PROBLEM TO SOLVE: Using the material that follows, output exactly the lines from the one containing "A neatly made" through the one containing "ÅrøAwesome Home In", with both ends kept.

RECORDED DATA:
========
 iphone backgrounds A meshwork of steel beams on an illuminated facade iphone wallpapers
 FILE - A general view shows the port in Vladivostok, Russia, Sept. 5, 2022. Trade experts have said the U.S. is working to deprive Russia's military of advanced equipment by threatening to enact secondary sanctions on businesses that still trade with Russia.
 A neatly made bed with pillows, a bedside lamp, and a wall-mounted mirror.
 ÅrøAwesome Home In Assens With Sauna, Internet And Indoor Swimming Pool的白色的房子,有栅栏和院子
========
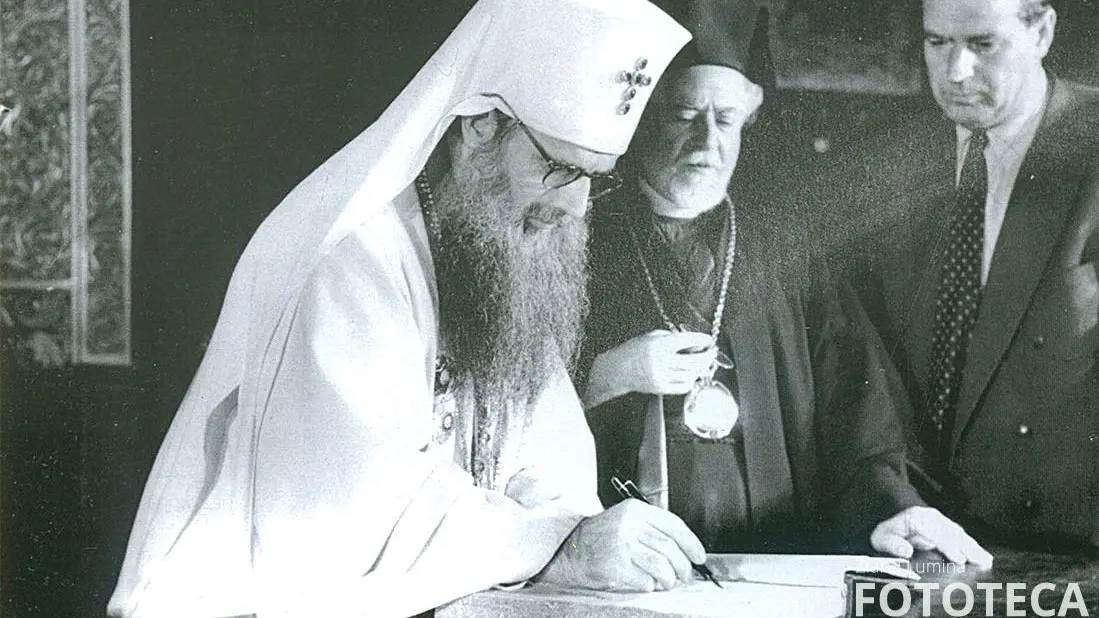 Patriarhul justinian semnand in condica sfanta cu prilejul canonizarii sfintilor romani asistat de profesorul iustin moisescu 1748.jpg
========
YOUR RESPONSE:
 A neatly made bed with pillows, a bedside lamp, and a wall-mounted mirror.
 ÅrøAwesome Home In Assens With Sauna, Internet And Indoor Swimming Pool的白色的房子,有栅栏和院子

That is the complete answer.